Credit Risk Model Development
Credit risk model development involves creating statistical or machine learning models to predict the likelihood of a borrower defaulting on their financial obligations. These models are widely used in banking, lending, and financial services to quantify risk before approving loans or credit.

A key model in this field is the Probability of Default (PD) model, which estimates the likelihood of a borrower defaulting on a loan within a specified period, typically one year. This model is crucial for financial institutions to manage credit risk effectively and make informed lending decisions.

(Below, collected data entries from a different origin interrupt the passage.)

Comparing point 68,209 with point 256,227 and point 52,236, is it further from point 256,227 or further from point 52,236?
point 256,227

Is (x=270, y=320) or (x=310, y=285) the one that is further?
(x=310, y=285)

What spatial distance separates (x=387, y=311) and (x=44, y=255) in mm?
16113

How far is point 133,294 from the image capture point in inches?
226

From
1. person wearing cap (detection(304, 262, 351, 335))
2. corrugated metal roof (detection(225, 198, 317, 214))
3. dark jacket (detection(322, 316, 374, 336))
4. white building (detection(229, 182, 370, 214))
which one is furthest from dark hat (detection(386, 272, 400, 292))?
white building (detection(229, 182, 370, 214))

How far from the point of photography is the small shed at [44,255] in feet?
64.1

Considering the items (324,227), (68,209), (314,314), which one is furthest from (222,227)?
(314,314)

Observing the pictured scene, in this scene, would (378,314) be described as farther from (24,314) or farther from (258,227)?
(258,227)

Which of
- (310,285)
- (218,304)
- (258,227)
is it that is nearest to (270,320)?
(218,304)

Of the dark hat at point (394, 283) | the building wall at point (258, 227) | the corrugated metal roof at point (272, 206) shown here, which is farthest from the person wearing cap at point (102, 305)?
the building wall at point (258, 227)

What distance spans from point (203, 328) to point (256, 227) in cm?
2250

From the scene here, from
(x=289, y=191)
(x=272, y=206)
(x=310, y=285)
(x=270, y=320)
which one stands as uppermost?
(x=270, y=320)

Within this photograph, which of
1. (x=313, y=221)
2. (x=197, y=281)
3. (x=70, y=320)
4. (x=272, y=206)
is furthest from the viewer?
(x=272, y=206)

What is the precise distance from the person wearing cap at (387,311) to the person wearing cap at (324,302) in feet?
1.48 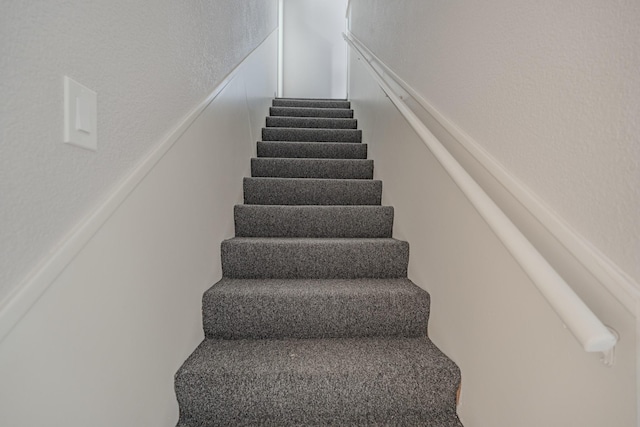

# **DATA EXPLORATION,VALIDATION AND CLEANING**

In [None]:
import pandas as pd
import matplotlib.pyplot as plt


In [15]:
Credit_data=pd.read_csv('/content/cs-training.csv',encoding='Latin-1')

In [None]:
Credit_data.columns

In [None]:
Credit_data.info()
#Observation: Null values observed in MonthlyIncome and No_of_dependents

In [None]:
Credit_data.head(10)

In [20]:
#Creating a duplicate dataset for working and keeping the masterdata untouched
Credit_data_clean=Credit_data.copy(deep=True)

In [None]:
Credit_data_clean.head(10)

In [None]:
Credit_data_clean.shape

(150000, 12)

In [None]:
Credit_data_clean.info()

In [None]:
Credit_data_clean.columns.values

#**Categorical Variable Exploration**

**SeriousDlqin2yrs**

In [None]:
Credit_data_clean['SeriousDlqin2yrs'].value_counts()
#Obs: Class Imbalance exists

In [None]:
Credit_data_clean['SeriousDlqin2yrs'].value_counts(normalize=True)
#Value in %

**Age**

In [None]:
Credit_data_clean['age'].quantile((.25,.50,.75,.90,.95,.99,1))
#Obs: #1% outliers

**30 DPD**

In [None]:
Credit_data_clean['NumberOfTime30-59DaysPastDueNotWorse'].value_counts()
#Obs:#Outliers present 98 and 96

**No of loans**

In [None]:
Credit_data_clean['NumberOfOpenCreditLinesAndLoans'].value_counts()
#Obs:#Outliers present

**90 DPD**

In [None]:
print(Credit_data_clean['NumberOfTimes90DaysLate'].value_counts())
#Obs:#Outliers present 98 and 96

**No of Home Loans**

In [None]:
Credit_data_clean['NumberRealEstateLoansOrLines'].value_counts()
#Obs:#Outliers present

**60 DPD**

In [None]:
Credit_data_clean['NumberOfTime60-89DaysPastDueNotWorse'].value_counts()
#Obs:#Outliers present 98 and 96

**No of dependents**

In [None]:
Credit_data_clean['NumberOfDependents'  ].value_counts()
#Obs: Outliers present and data type is float

In [36]:
Credit_data_clean.columns

Index(['Sr_No', 'SeriousDlqin2yrs', 'monthly_utilization', 'age',
       'NumberOfTime30-59DaysPastDueNotWorse', 'DebtRatio', 'MonthlyIncome',
       'NumberOfOpenCreditLinesAndLoans', 'NumberOfTimes90DaysLate',
       'NumberRealEstateLoansOrLines', 'NumberOfTime60-89DaysPastDueNotWorse',
       'NumberOfDependents'],
      dtype='object')

#CONTINOUS VARIABLE EXPLORATION

**Monthly_utilization**

In [None]:
Credit_data_clean['monthly_utilization'].quantile([.25,.50,.75,.85,.90,.95,.96,.97,.98,.99,1])
#Obs:3% outliers

**Monthly Income**

In [None]:
Credit_data_clean['MonthlyIncome'].quantile([.25,.50,.75,.90,.95,.98,.99,1])

In [46]:
(Credit_data_clean['MonthlyIncome'].isnull().sum())
#Obs:Null values

29731

In [47]:
Credit_data_clean['MonthlyIncome'].isnull().sum()/len(Credit_data_clean)
#Obs: % of null values = 19%

0.19820666666666667

**Debt Ratio**

In [None]:
(Credit_data_clean['DebtRatio'].quantile([.25,.50,.75,.765,.81,.90,.95,.98,.99,1]))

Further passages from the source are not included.